If Zero Grazing was as successful as Epstein says, you’d think international organizations would have paid to reproduce the campaign all over the continent. But they didn’t–for reasons that are once again more about our preconceptions than Africa’s needs. On the one hand, Western conservatives couldn’t stomach a program that countenanced polygamy. On the other–and Epstein doesn’t explicitly make this connection–the early 1990s coincided with a huge homegrown evangelical revival in Uganda, and many of the loudest women’s rights activists were also born-again Christians. This association made many Western liberals–the type who work for organizations like the UN–quite uncomfortable. “There was a sense that promoting fidelity must be totally wrong if it was a message favored by the Christian Right,” the former head of one humanitarian group told Epstein.

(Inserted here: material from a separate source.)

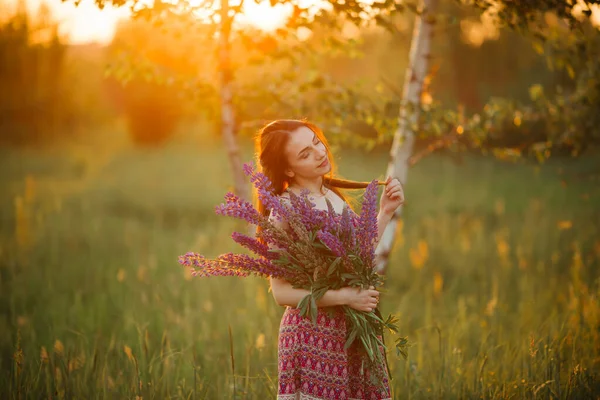 Young girl stand in field overlooking lavender field. Smiling carefree caucasian girl in dress enjoying the sunset.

Near the end of her book, Epstein notes with some sadness that Zero Grazing is now a museum piece. These days, Uganda’s approach to AIDS is ruled by pieties–both religious and secular. The locally devised programs of fifteen years ago have been replaced by a bland package of somewhat conflicting strategies known by the acronym ABC: abstain, be faithful, use a condom. The Bush Administration and the evangelicals push A, the public health community stresses C and no one pays much attention to B, because there’s no money in nuance. Meanwhile, on the strength of its “miracle,” Uganda has become an AIDS pilgrimage spot. “The big hotels in the capital play host to a perpetual round of AIDS-related conferences and workshops, and the streets are jammed with the vehicles of AIDS NGOs,” Epstein writes.

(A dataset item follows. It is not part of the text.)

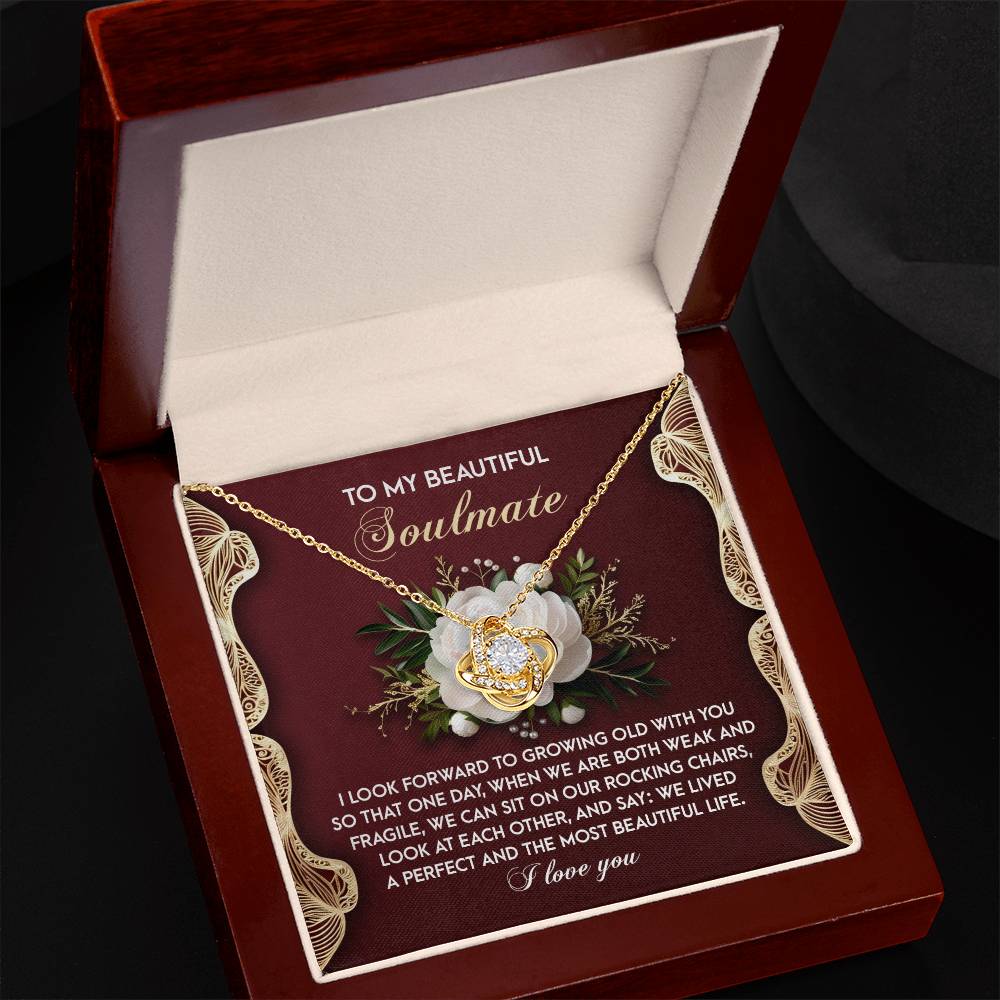 The Soulmate-Rocking Chairs - Love Knot Necklace showcases interlocking hearts with sparkling cubic zirconia crystals. It comes in an open box with a heartfelt message addressed to "My Beautiful Soulmate" about growing old together, making it the perfect personalized gift.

The influx of money has brought profiteers, both white and black. A recent investigation revealed massive corruption in the Ugandan Health Ministry’s administration of grants from the Global Fund to Fight AIDS, Tuberculosis and Malaria. That’s just the beginning of the graft. And yet for all the many millions flowing in, HIV prevalence rates have not fallen much since the year 2000. Men aren’t sitting alone at bars anymore, and statistics suggest that casual sex may once again be on the rise. For a fleeting moment, in a time of unimaginable tragedy, Ugandans found it within themselves to fight this epidemic. But AIDS has a way outlasting vigilance. It’s a disease of human fallibility, and for that there is no cure.